If you’ve read any of my previous articles, you might suspect that I’m a lover of old-world and traditionally styled wines. Well, it’s true. I can admit it. My palate usually prefers wines produced in Europe. Now, as an American, I admit this with more than a bit of regret. But I can’t help what I like.
Why do I prefer the old-world style? The reasons are many but I think they boil down to this. In my glass, I want to taste fruit and earth, flavors derived from fruit and earth, and not much else. That’s usually what you get in an old-world style wine. What I don’t want to taste are overt flavors of wood, butter, alcohol or sugar.
When visiting wine regions, I want to know who’s making traditional or old-world style wines and who’s making wines in a more modernist way. Trying to solve this puzzle can be a challenge and an adventure. Not least, it helps me order more suitable bottles off unfamiliar restaurant wine lists.
A few years ago, a friend living in the Middle East told me that for him, Israeli wines resemble European wines in that they often reveal earthy characteristics and a distinctive smoky quality. That caught my attention. I’d always wanted to visit Israel, and now I had another reason to go.
When I finally made it to Israel a few months ago, I asked the same two questions to wine professionals wherever I went: Which Israeli producers make wines in a traditional style? More importantly, where can I try them? I asked these questions at restaurants, wine shops, and at wineries—a few of which are counted among the most celebrated in the country.
Unfortunately, I didn’t get many answers. Most surprisingly, some wine professionals didn’t seem to understand the point of the questions—and they all spoke excellent English. I soon found myself asking a third question: Why are the Israeli wines I’m tasting so oaky and high in alcohol?

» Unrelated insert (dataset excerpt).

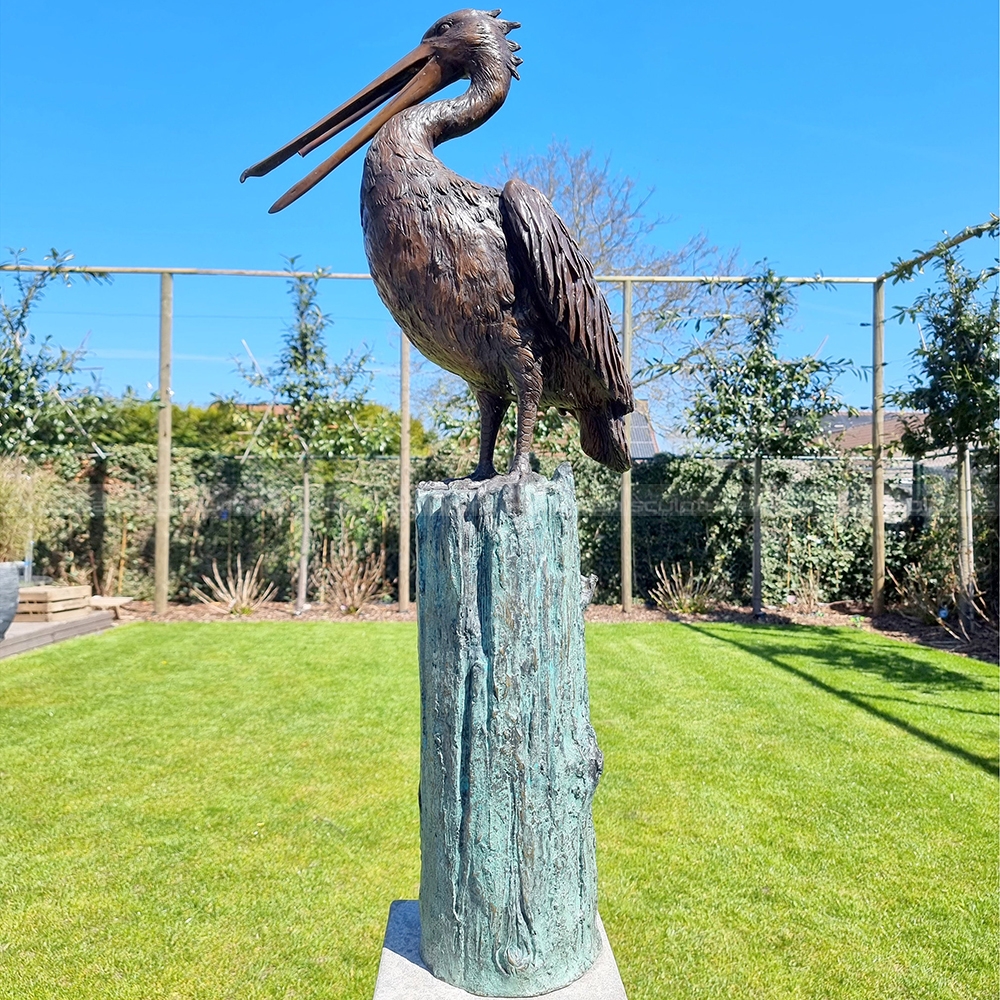 bronze pelican sculpture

To state the obvious, Israel is in a very old part of the world. Winemaking goes back to biblical times. It stands to reason that in a nation with over 300 producers, many would be making wine in an old-world style. Yet that style, my preferred style, is difficult to find. Even at innovative, hot spot restaurants in Tel Aviv, where you’d expect to find diversity on wine lists, it was near impossible to find a red that didn’t hit me in the face with overt oak, or a white that didn’t show a cloying, round sweetness.
After a week of asking my questions, the only traditional style producer anyone could think of was Gaby Sadan, the French-trained winemaker and owner at Shvo Vineyards. Indeed, when I tracked down and tasted a bottle of Shvo Chenin Blanc on my last day in Israel, I was somewhat sated.

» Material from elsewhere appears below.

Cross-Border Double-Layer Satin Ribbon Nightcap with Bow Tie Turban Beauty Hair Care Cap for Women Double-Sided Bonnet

Still, if Shvo is the Rhys of Israeli wine, is there a Ridge? Is there an Arnot-Roberts? Matthiasson? I could go on.
Granted, Israel is relatively new to having what you’d call a wine industry. But that hasn’t stopped producers in other newer regions from producing noteworthy old-world style examples. In California alone, there’s enough of a backlash against modern and international style wines that, a few years ago, Jon Bonné wrote an entire book on the new wave California producers who embrace more traditional styles and methods. In New Zealand and Australia too, old-world inspired wines are increasingly prominent.
Could it be that the Eastern Med’s arid heat is pushing Israeli winemakers to dial-up the alcohol, as evidenced in so many new-world wines? I heard this explanation once or twice in Israel, but I don’t buy it. First, there’s Gaby Sadan’s example. Second, Lebanon’s Chateau Musar is a stalwart of traditional winemaking. The Musar fruit is grown in the Bekaa Valley, which sits just 60 miles north of Israel’s most important wine region, the Golan Heights. And the cool, high-altitude microclimates in the Golan often compare favorably to those in the Bekaa.

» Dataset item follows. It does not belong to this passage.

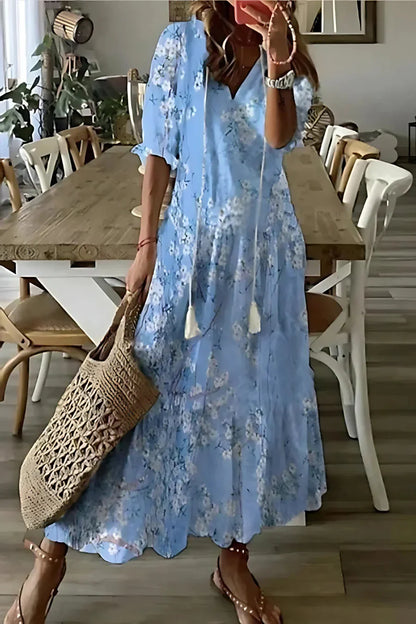 Robe Été Florale Manches Courtes Décolleté Plunging - PanierRoyale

No, the vast majority of Israel’s producers are making a stylistic choice. They are choosing the modern style over the more traditional one. Sure, they are chasing a bigger part of the market, which is smart. But purely economic logic would seem to call for more diversification. I’ve visited more than a few producers who are happy to explain how they make wines in varying styles to reach more corners of the market.
Perhaps the most interesting explanation for Israel’s stylistic choice came from a particularly thoughtful Israeli sommelier. He sympathized with my failed quest to find a European style Israeli wine on his list, then speculated: “The situation might change as Israeli palates evolve, but I’m not so sure. To some degree the modern wines match our national personality. Like them, we are bold and assertive, for better or worse.” Fair enough.
I’ve often said that wine never ceases to amaze and surprise, so you never know. Perhaps the wine scene in Israel will change. I’m returning early next year and have tentatively planned a visit to Shvo to talk with Gaby. I can’t wait to hear his take. Hopefully, he’ll tell me all about a rising, promising set of old-world inspired producers.